Les routes de Port-au-Prince ne sont qu’un long embouteillage. Les milliers de klaxons des 4×4 et des moto-taxis chantent une mélodie qui imprègne toute la capitale et ne s’arrête qu’une fois la nuit tombée. Il faut rouler loin du tumulte de la ville, à quelques kilomètres de Cité Soleil, un bidonville de maisons en tôles connu pour sa misère extrême et sa dangerosité, pour trouver le site de SOIL, une organisation qui entend rendre sa dignité sanitaire au pays.

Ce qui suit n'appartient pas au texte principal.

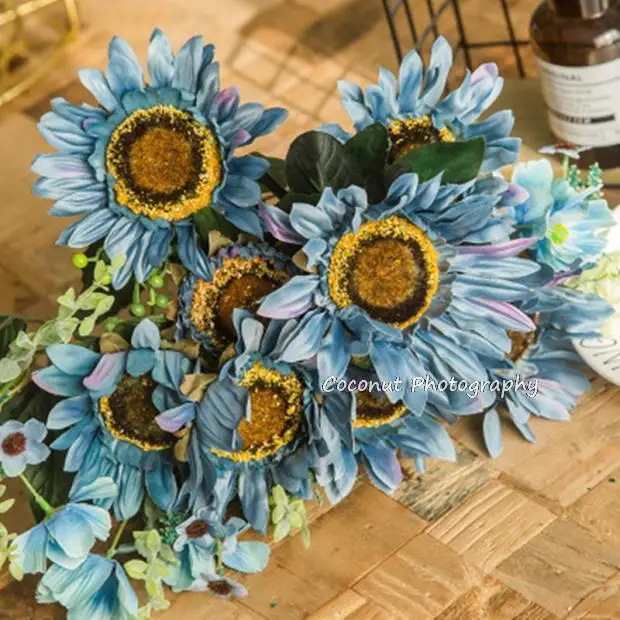 Accessoires de photographie pour nouveau-né, simulation de fleur, photographie en studio, faux tournesol, bébé, pleine lune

Le large terrain limité par de hauts grillages contient deux containers servant de bureaux et un centre de recyclage plus éloigné, lequel transforme les déjections humaines en compost. Avec huit autres personnes, l’Américaine Sasha Kramer est à l’origine de l’ONG. Alors qu’elle débarque en 2004 de la Californie sur l’île caribéenne, elle découvre un pays qui se noie sous une énième crise politique. Un coup d’État vient de survenir, et le président de l’époque, Jean-Bertrand Aristide, s’est enfui – il dit s’être fait enlever – dans un avion américain à destination de l’Afrique du Sud. En tant qu’observatrice des droits de l’homme, Sasha fait l’expérience de la misère dans laquelle l’ancien prêtre des bidonvilles et ses prédécesseurs ont laissé le pays. “Quand je discutais avec les habitants des villes pour comprendre leurs préoccupations, outre les besoins de première nécessité, ils mentionnaient souvent le manque de toilettes, se souvient la jeune femme. Si vous grandissez, comme moi, avec un accès évident à ce genre de choses, vous prenez cela pour un acquis et vous n’y pensez même pas. Mais un jour, vous vous retrouvez là-bas à en chercher et à faire autrement, faute de mieux. Là, à ce moment précis, vous saisissez l’impact que cela a sur la dignité humaine.” 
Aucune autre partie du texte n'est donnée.